Dataset entries:

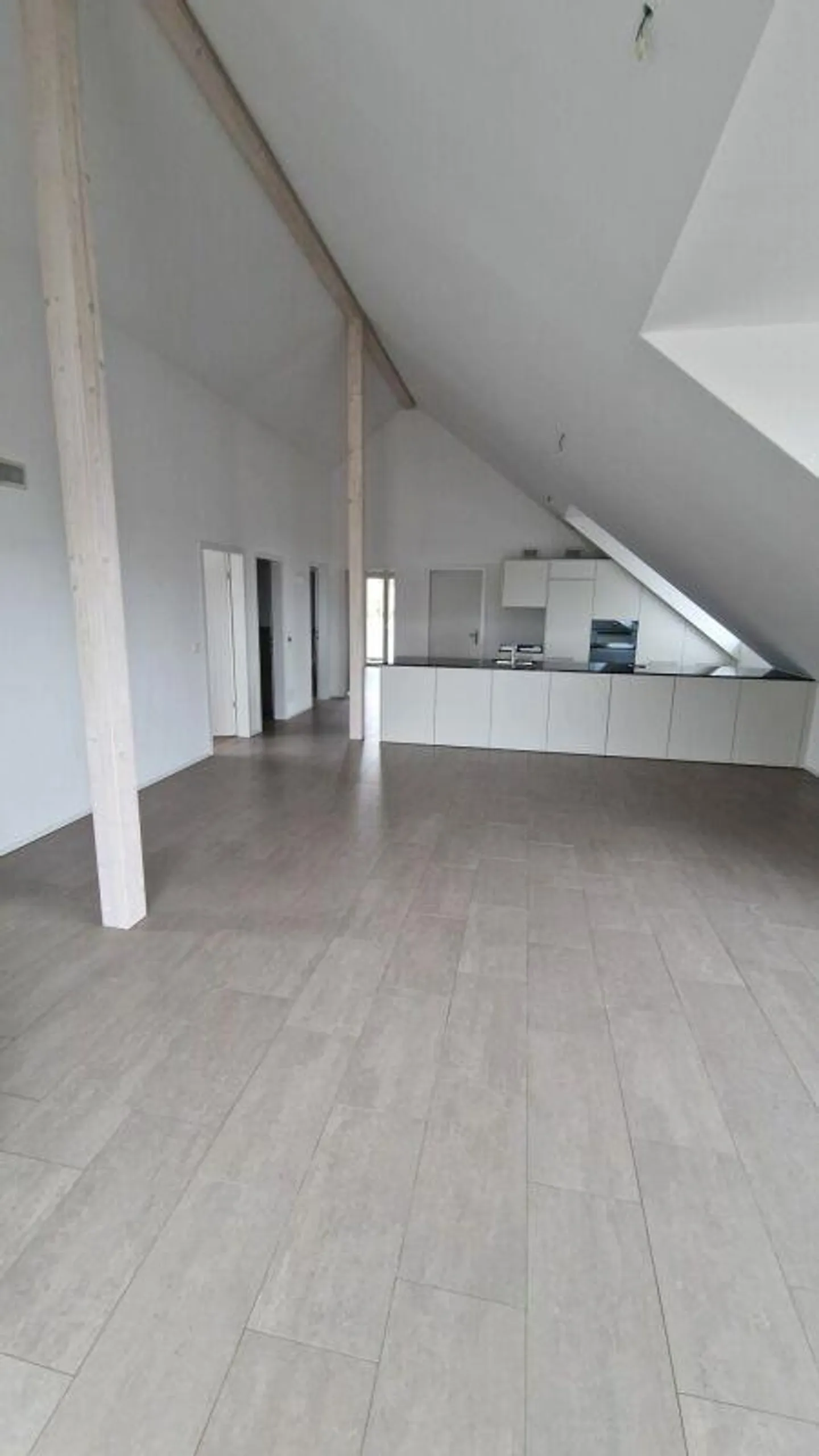 Appartamento spazioso e luminoso di 4,5 stanze - Foto 6 di 13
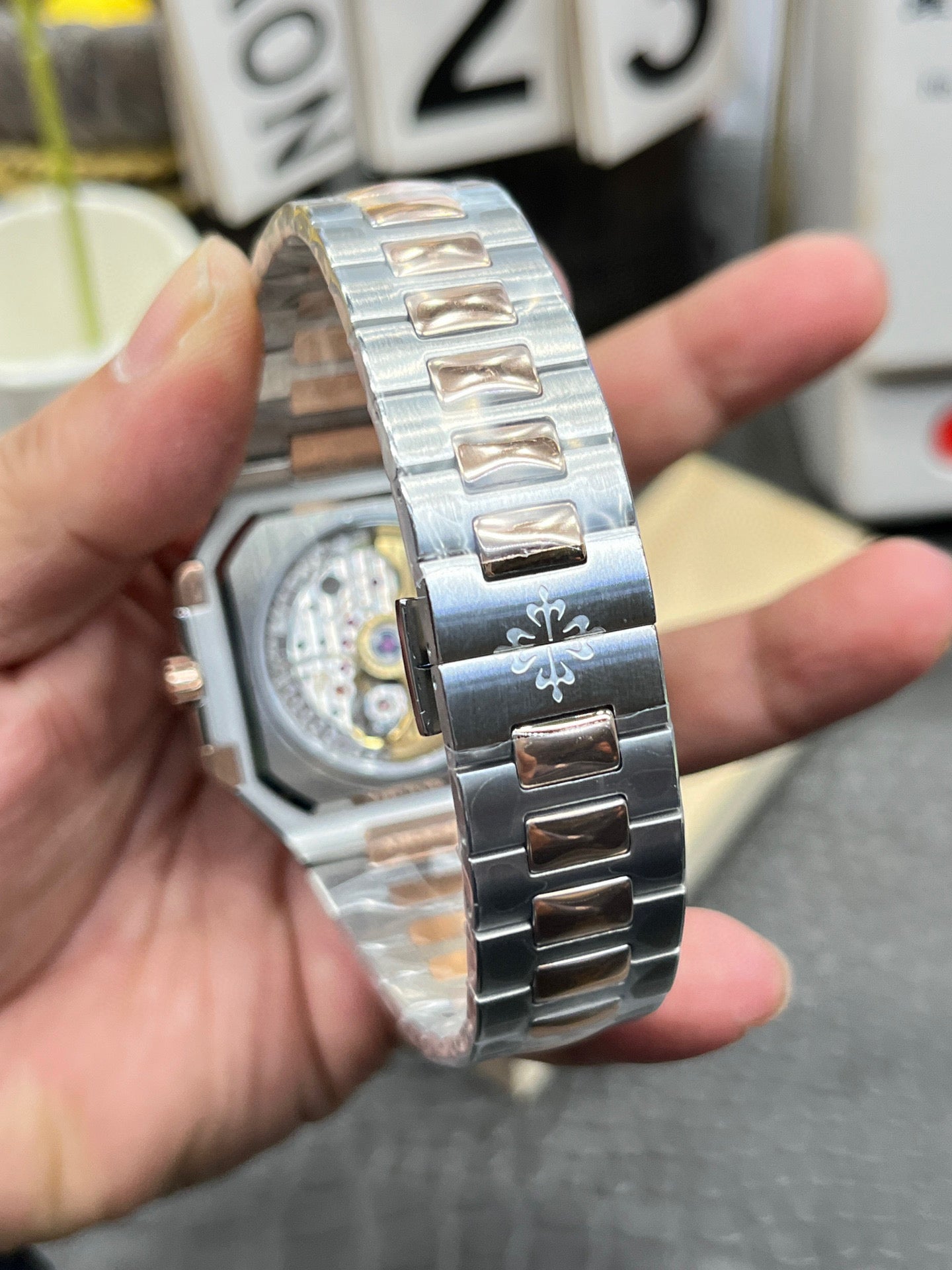 Patek Philippe Cubitus 5821/1AR-001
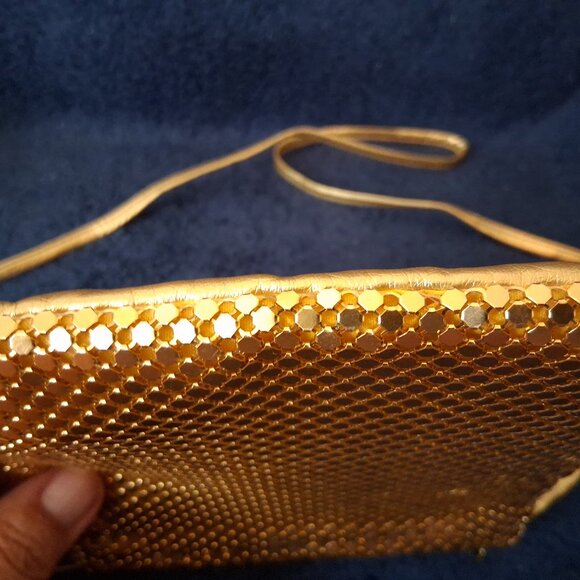 Shakira Vintage Gold Mesh Crossbody Evening Bag - Picture 7 of 12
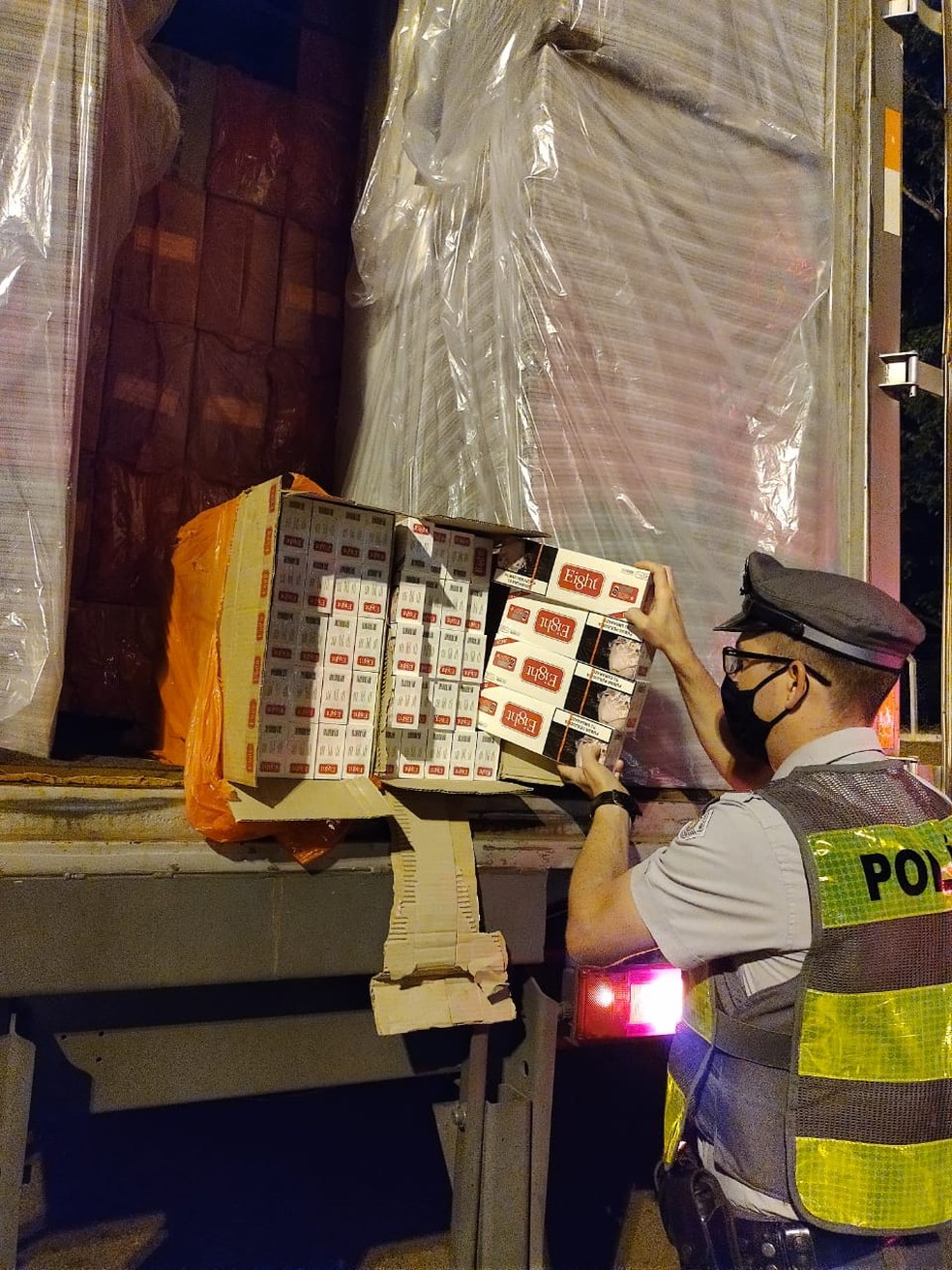 Cerca de 350 mil maços de cigarros foram apreendidos em Assis  — Foto: Polícia Rodoviária / Divulgação 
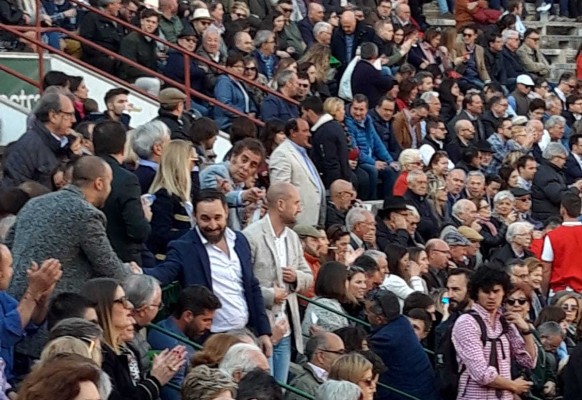 La Feria Taurina, primera parada de Santiago Abascal en su visita a las fiestas de la Magdalena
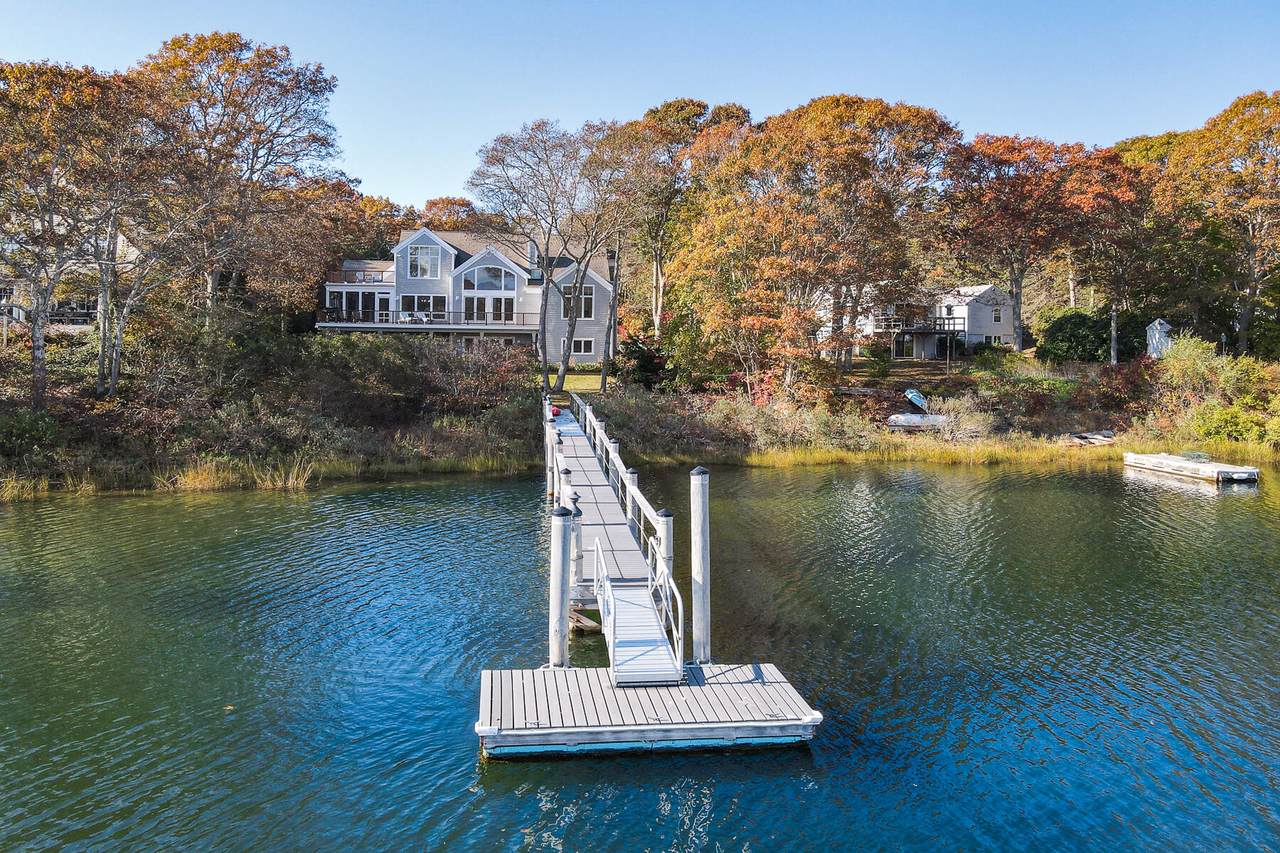 222 Acapesket Road - Photo 1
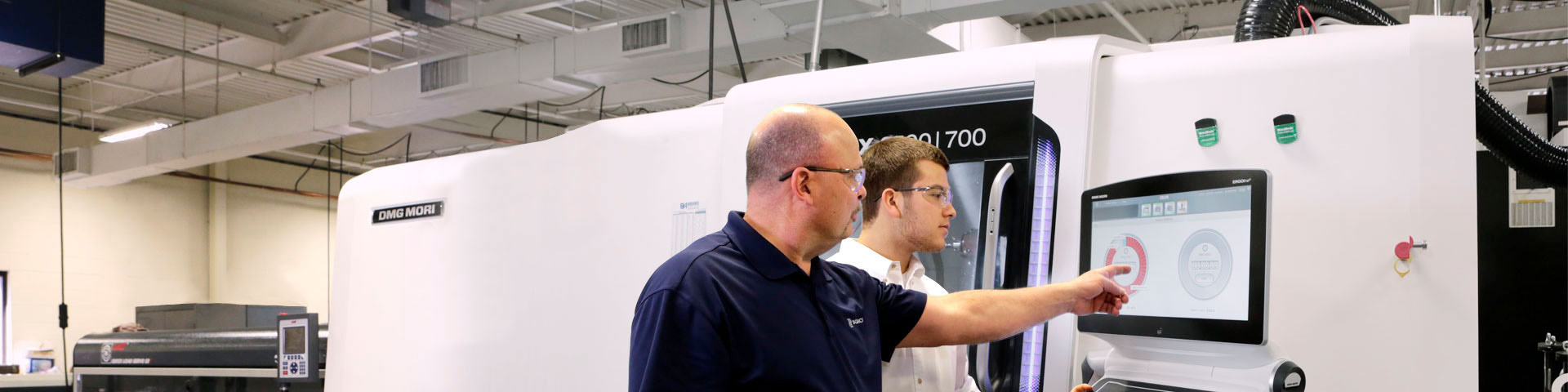 歡迎您來到專業的電抗器廠家-能曼電氣電抗器公司網站！公司專業生產電抗器與各種配電產品，歡迎大家聯系洽談合作!相信我們的服務,您一定會滿意的.電抗器專線:021-51000326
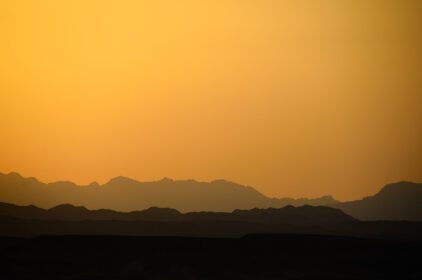 دانلود عکس کوه در صحرا در مصر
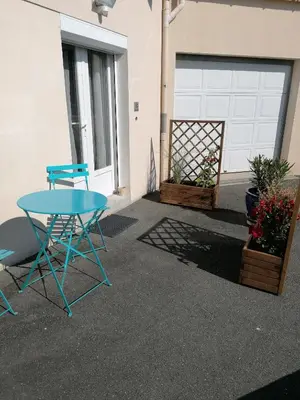 Terrasse ou espace extérieur de l'établissement Le repos chavagnais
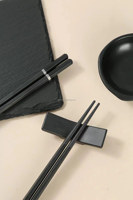 Ensemble de couverts en fibre de verre 24 cm avec assiette en pierre, 2 supports à baguettes en céramique et plat à sauce pour usage professionnel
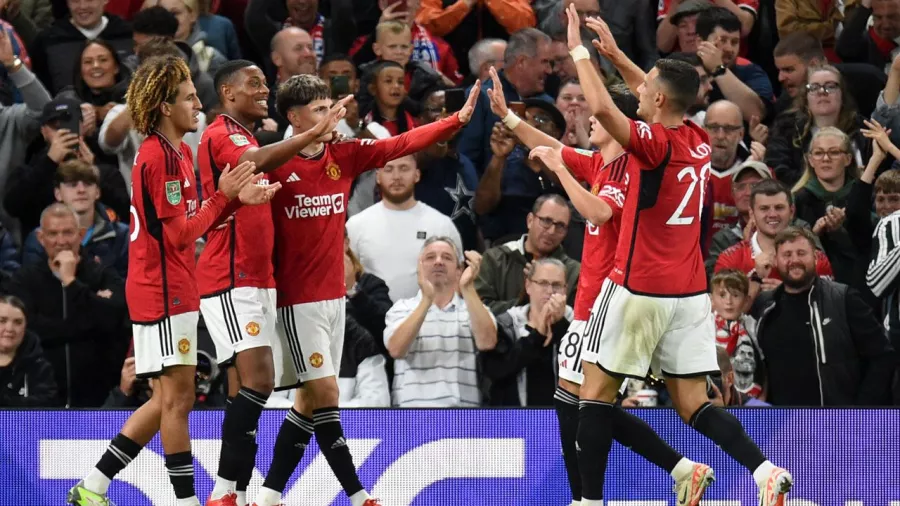 Manchester United avanzó a la cuarta ronda de la Carabao Cup 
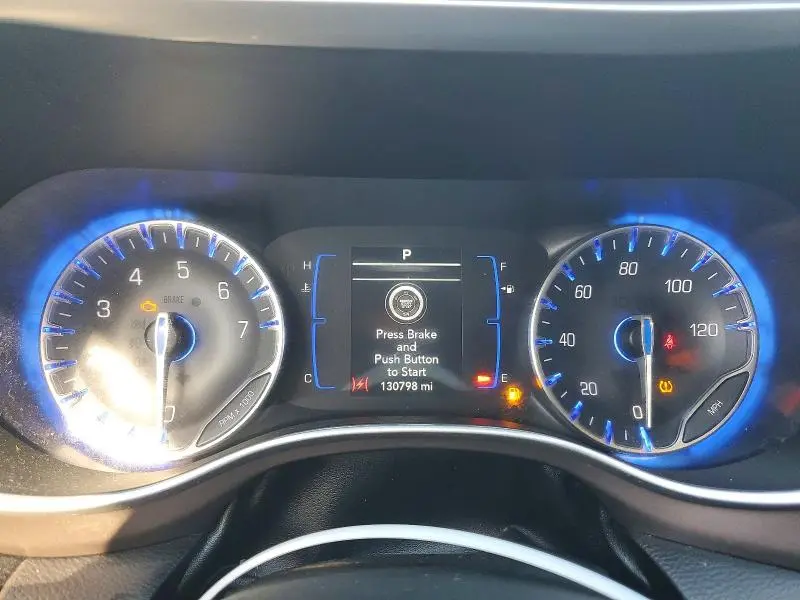 2020 CHRYSLER VOYAGER LXI  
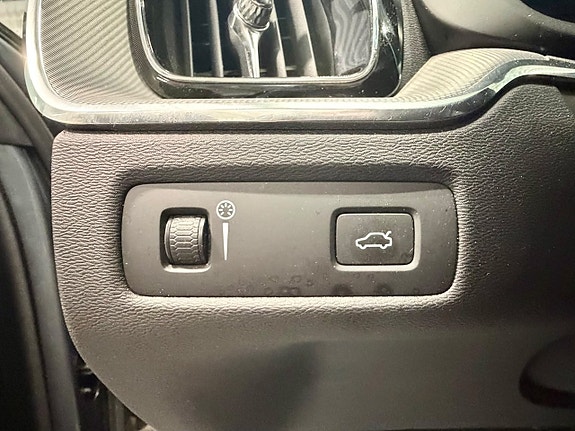 Volvo XC60 25 of 26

### Work item
Since the pictures are not wanted, set down only the rest of each record, exactly as above.

### Your solution
 Appartamento spazioso e luminoso di 4,5 stanze - Foto 6 di 13
 Patek Philippe Cubitus 5821/1AR-001
 Shakira Vintage Gold Mesh Crossbody Evening Bag - Picture 7 of 12
 Cerca de 350 mil maços de cigarros foram apreendidos em Assis  — Foto: Polícia Rodoviária / Divulgação 
 La Feria Taurina, primera parada de Santiago Abascal en su visita a las fiestas de la Magdalena
 222 Acapesket Road - Photo 1
 歡迎您來到專業的電抗器廠家-能曼電氣電抗器公司網站！公司專業生產電抗器與各種配電產品，歡迎大家聯系洽談合作!相信我們的服務,您一定會滿意的.電抗器專線:021-51000326
 دانلود عکس کوه در صحرا در مصر
 Terrasse ou espace extérieur de l'établissement Le repos chavagnais
 Ensemble de couverts en fibre de verre 24 cm avec assiette en pierre, 2 supports à baguettes en céramique et plat à sauce pour usage professionnel
 Manchester United avanzó a la cuarta ronda de la Carabao Cup 
 2020 CHRYSLER VOYAGER LXI  
 Volvo XC60 25 of 26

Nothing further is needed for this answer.